The start address and end address of the memory range will be rounded down and rounded up respectively to be aligned to CPU page size before the prefetch operation is enqueued in the stream.

If no physical memory has been allocated for this region, then this memory region will be populated and mapped on the destination device. If there's insufficient memory to prefetch the desired region, the Unified Memory driver may evict pages from other cuMemAllocManaged allocations to host memory in order to make room. Device memory allocated using cuMemAlloc or cuArrayCreate will not be evicted.

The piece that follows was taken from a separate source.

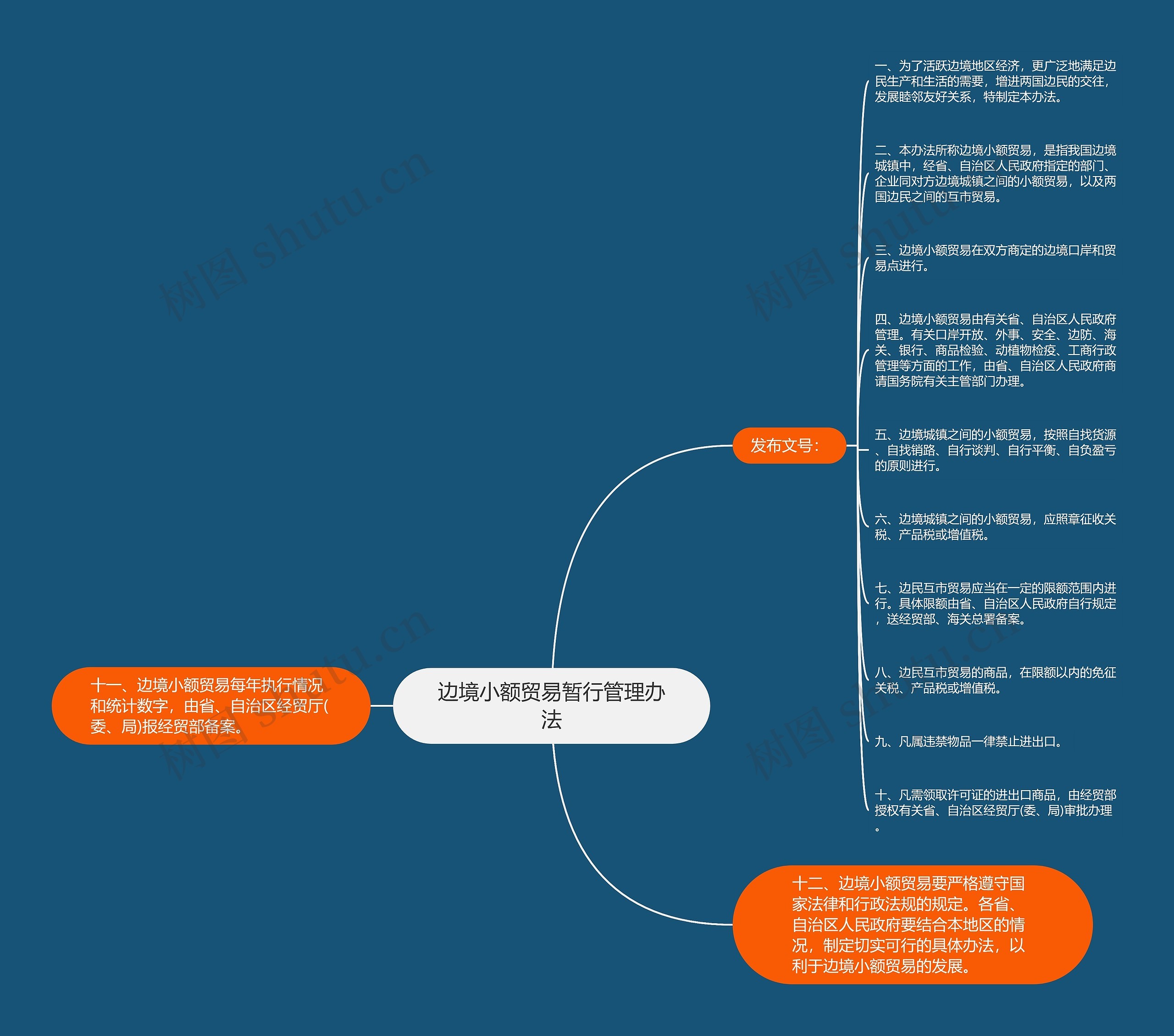 边境小额贸易暂行管理办法思维导图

By default, any mappings to the previous location of the migrated pages are removed and mappings for the new location are only setup on dstDevice. The exact behavior however also depends on the settings applied to this memory range via cuMemAdvise as described below:

If CU_MEM_ADVISE_SET_READ_MOSTLY was set on any subset of this memory range, then that subset will create a read-only copy of the pages on dstDevice.

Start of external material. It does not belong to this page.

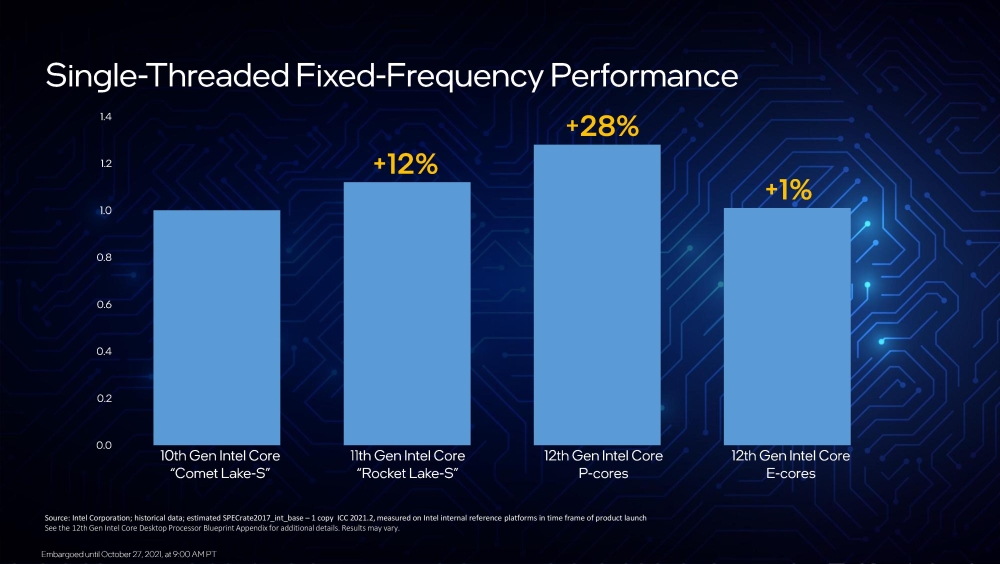 intel alder 2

If CU_MEM_ADVISE_SET_PREFERRED_LOCATION was called on any subset of this memory range, then the pages will be migrated to dstDevice even if dstDevice is not the preferred location of any pages in the memory range.

If CU_MEM_ADVISE_SET_ACCESSED_BY was called on any subset of this memory range, then mappings to those pages from all the appropriate processors are updated to refer to the new location if establishing such a mapping is possible. Otherwise, those mappings are cleared.

Note that this API is not required for functionality and only serves to improve performance by allowing the application to migrate data to a suitable location before it is accessed. Memory accesses to this range are always coherent and are allowed even when the data is actively being migrated.

Note that this function is asynchronous with respect to the host and all work on other devices.

func (DevicePtr) MemSize

func (mem DevicePtr) MemSize() uintptr

MemSize returns the size of the memory slab in bytes. Returns 0 if errors occured

func (DevicePtr) MemoryType

func (mem DevicePtr) MemoryType() (typ MemoryType, err error)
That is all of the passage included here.